[Recorded data]
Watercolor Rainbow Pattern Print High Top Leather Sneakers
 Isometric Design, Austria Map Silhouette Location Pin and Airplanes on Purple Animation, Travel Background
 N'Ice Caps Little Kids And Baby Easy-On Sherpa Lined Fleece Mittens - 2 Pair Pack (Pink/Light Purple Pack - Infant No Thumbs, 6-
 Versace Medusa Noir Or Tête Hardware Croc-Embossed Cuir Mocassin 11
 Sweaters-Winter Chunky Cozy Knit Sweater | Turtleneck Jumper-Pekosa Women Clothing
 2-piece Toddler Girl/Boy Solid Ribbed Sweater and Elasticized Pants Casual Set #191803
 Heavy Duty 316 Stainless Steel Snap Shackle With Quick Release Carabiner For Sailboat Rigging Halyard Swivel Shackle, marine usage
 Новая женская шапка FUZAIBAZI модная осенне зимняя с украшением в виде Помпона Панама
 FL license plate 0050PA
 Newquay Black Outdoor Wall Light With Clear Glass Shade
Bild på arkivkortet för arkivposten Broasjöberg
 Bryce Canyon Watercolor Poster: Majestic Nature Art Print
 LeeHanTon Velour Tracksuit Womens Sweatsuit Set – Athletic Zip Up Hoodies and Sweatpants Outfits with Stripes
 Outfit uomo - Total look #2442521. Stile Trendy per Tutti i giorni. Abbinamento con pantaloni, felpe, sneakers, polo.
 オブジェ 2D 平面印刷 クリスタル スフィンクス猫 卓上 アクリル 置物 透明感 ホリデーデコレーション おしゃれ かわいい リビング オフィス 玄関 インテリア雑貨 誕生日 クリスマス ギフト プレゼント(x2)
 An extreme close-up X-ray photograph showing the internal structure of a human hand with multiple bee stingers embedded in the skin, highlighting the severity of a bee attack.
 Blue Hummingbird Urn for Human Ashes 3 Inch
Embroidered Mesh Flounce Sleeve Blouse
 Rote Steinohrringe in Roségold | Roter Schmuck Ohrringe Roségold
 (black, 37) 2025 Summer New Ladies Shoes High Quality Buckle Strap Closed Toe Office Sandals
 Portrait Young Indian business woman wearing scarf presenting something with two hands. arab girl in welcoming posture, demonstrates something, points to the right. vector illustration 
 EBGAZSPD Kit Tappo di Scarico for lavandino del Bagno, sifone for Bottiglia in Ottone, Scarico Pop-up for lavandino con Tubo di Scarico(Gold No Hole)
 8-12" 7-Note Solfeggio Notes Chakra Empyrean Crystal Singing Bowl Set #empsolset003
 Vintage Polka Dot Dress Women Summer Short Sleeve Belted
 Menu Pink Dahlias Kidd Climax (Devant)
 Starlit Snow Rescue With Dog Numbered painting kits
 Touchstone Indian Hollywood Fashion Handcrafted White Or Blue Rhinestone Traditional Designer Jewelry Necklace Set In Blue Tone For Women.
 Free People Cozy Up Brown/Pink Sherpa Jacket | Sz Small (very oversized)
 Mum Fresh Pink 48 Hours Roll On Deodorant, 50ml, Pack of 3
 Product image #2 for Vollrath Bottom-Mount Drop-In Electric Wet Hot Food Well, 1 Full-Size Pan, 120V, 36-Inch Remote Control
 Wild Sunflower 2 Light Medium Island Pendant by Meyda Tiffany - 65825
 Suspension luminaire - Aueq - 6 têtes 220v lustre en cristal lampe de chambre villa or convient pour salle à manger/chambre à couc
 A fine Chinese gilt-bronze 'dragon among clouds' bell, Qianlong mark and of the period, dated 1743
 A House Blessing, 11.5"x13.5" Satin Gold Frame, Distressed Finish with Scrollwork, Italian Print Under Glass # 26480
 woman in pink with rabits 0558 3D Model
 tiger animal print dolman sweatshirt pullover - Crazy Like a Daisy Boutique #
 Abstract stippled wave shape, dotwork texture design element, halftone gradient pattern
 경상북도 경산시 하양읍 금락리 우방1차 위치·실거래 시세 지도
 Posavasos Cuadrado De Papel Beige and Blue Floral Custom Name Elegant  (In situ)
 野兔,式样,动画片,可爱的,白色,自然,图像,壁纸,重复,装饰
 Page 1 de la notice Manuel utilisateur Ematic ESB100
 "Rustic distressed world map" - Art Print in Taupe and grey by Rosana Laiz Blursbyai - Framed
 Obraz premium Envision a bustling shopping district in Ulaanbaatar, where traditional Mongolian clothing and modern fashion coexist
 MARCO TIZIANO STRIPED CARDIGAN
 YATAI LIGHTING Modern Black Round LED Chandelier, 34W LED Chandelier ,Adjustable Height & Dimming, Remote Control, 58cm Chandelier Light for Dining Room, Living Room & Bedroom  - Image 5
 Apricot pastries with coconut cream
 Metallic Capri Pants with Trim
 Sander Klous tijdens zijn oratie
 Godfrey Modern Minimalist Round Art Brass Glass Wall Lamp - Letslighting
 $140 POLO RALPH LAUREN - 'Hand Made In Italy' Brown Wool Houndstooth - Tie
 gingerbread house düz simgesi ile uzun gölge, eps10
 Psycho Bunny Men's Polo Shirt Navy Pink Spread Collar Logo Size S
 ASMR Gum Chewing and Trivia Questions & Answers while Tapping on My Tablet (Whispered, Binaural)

#### [What you have to do]
If the word "Watercolor" is on a line above, return that line.

#### [Response area]
Watercolor Rainbow Pattern Print High Top Leather Sneakers
 Bryce Canyon Watercolor Poster: Majestic Nature Art Print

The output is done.